Material supplied:
+--

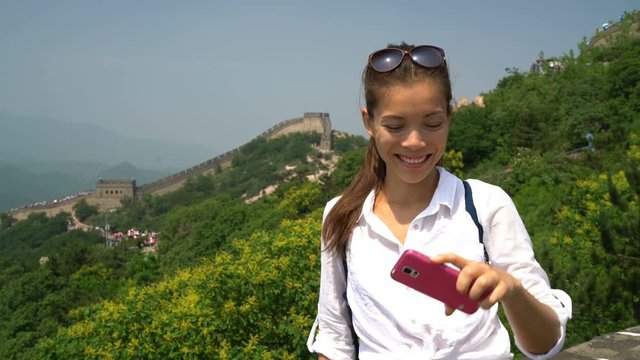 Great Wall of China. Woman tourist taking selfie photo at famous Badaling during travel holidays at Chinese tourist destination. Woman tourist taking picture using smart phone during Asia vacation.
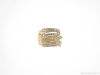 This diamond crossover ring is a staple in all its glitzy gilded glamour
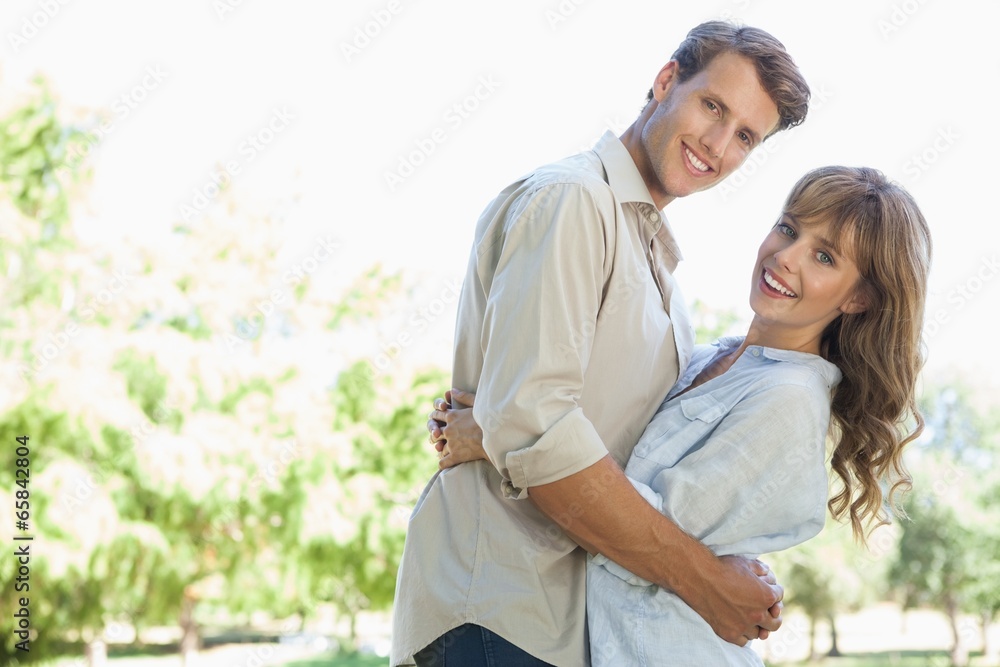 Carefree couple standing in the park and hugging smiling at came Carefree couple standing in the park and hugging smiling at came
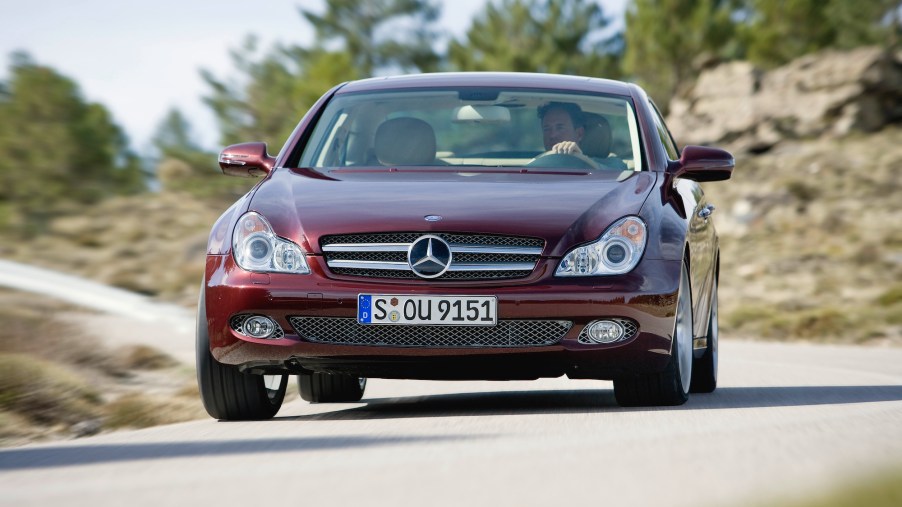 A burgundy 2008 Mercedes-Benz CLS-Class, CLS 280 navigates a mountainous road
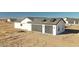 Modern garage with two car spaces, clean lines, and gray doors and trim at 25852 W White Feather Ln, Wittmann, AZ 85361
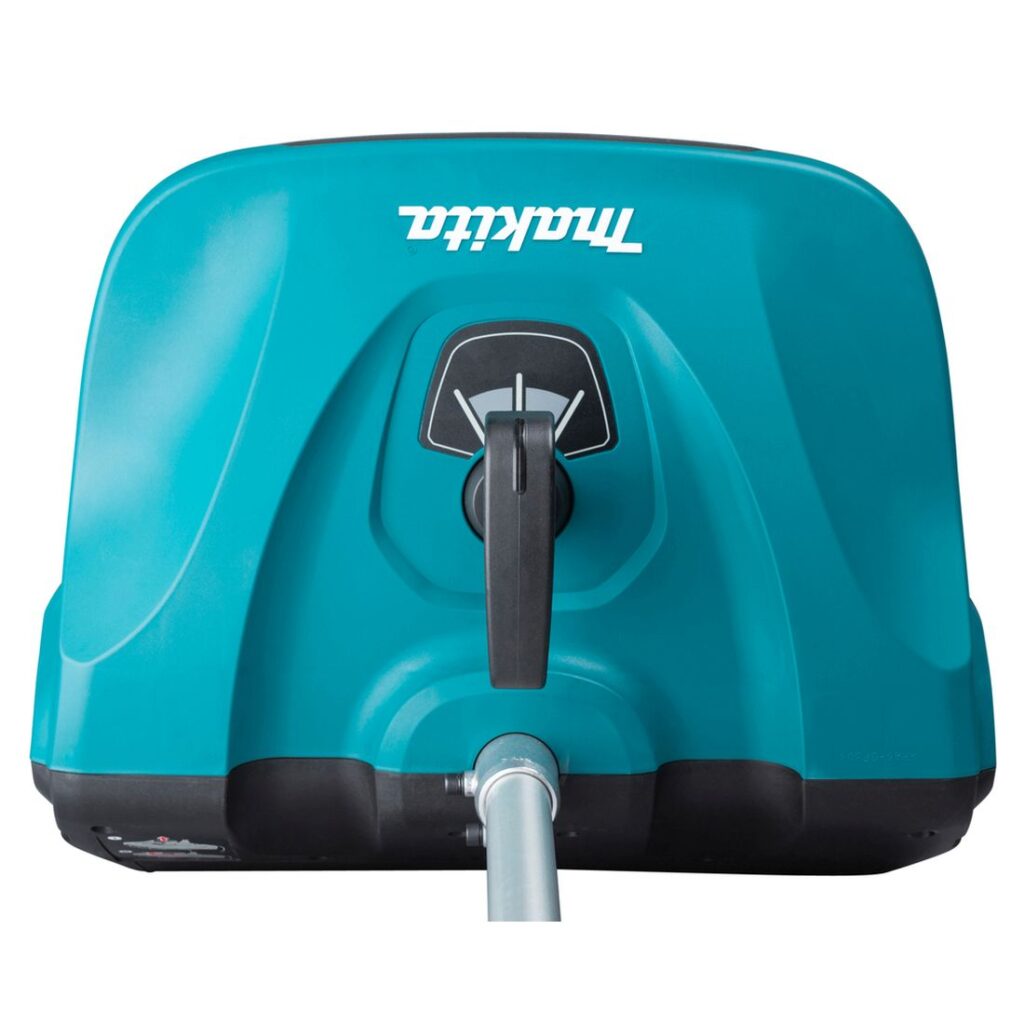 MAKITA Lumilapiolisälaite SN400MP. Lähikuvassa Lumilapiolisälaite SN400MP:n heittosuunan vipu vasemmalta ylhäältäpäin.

+--

Exercise description:
Write the entries above out in full, exactly, with no images.

Completed exercise:
 Great Wall of China. Woman tourist taking selfie photo at famous Badaling during travel holidays at Chinese tourist destination. Woman tourist taking picture using smart phone during Asia vacation.
 This diamond crossover ring is a staple in all its glitzy gilded glamour
 Carefree couple standing in the park and hugging smiling at came Carefree couple standing in the park and hugging smiling at came
 A burgundy 2008 Mercedes-Benz CLS-Class, CLS 280 navigates a mountainous road
 Modern garage with two car spaces, clean lines, and gray doors and trim at 25852 W White Feather Ln, Wittmann, AZ 85361
 MAKITA Lumilapiolisälaite SN400MP. Lähikuvassa Lumilapiolisälaite SN400MP:n heittosuunan vipu vasemmalta ylhäältäpäin.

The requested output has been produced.